A revision of the C standard was adopted by ISO in 1999 (ISO/IEC 9899:1999; see http://www.open-std.org/jtc1/sc22/wg14/www/standards). This standard is usually referred to as C99, and includes a range of changes to the language and its standard library. These changes include the addition of long long and Boolean data types, C++-style (//) comments, restricted pointers, and variable-length arrays. (At the time of writing, work is in progress on a further revision of the C standard, informally named C1X. The new standard is expected to be ratified in 2011.)

The C standards are independent of the details of any operating system; that is, they are not tied to the UNIX system. This means that C programs written using only the standard C library should be portable to any computer and operating system providing a C implementation.

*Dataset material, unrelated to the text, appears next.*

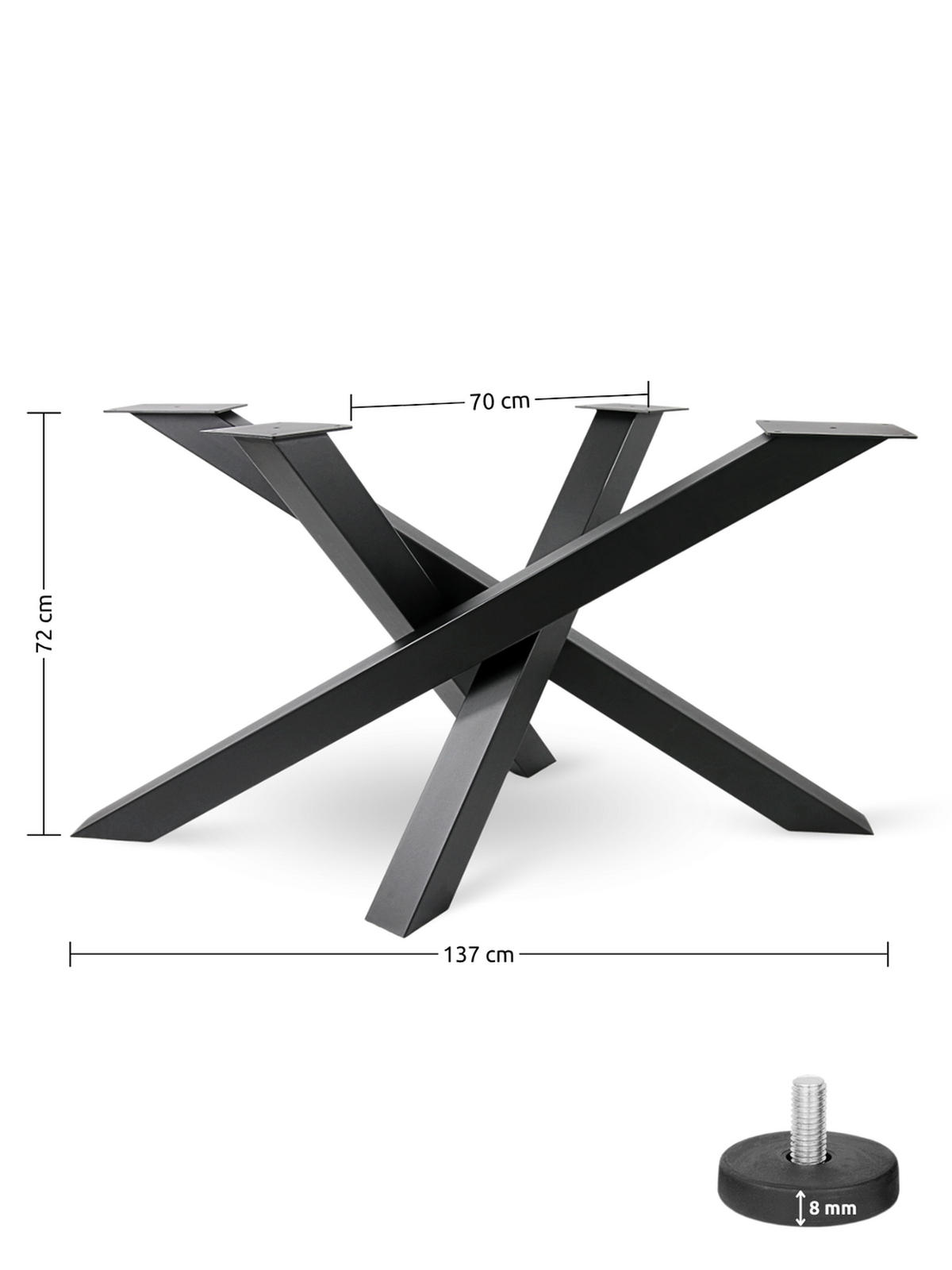 TISCHGESTELL Tiempo Spider Mittelfuß - Schwarz, Metall (70/72/137cm) - holz4home®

The term POSIX (an abbreviation of Portable Operating System Interface) refers to a group of standards developed under the auspices of the Institute of Electrical and Electronic Engineers (IEEE), specifically its Portable Application Standards Committee (PASC, http://www.pasc.org/). The goal of the PASC standards is to promote application portability at the source code level.

The most interesting of the POSIX standards for our purposes are the first POSIX standard, referred to as POSIX.1 (or, more fully, POSIX 1003.1), and the subsequent POSIX.2 standard.

POSIX.1 became an IEEE standard in 1988 and, with minor revisions, was adopted as an ISO standard in 1990 (ISO/IEC 9945-1:1990). (The original POSIX standards are not available online, but can be purchased from the IEEE at http://www.ieee.org/.)

Note

POSIX.1 was initially based on an earlier (1984) unofficial standard produced by an association of UNIX vendors called /usr/group.

POSIX.1 documents an API for a set of services that should be made available to a program by a conforming operating system. An operating system that does this can be certified as POSIX.1 conformant.

POSIX.1 is based on the UNIX system call and the C library function API, but it doesn’t require any particular implementation to be associated with this interface. This means that the interface can be implemented by any operating system, not specifically a UNIX operating system. In fact, some vendors have added APIs to their proprietary operating systems that make them POSIX.1 conformant, while at the same time leaving the underlying operating system largely unchanged.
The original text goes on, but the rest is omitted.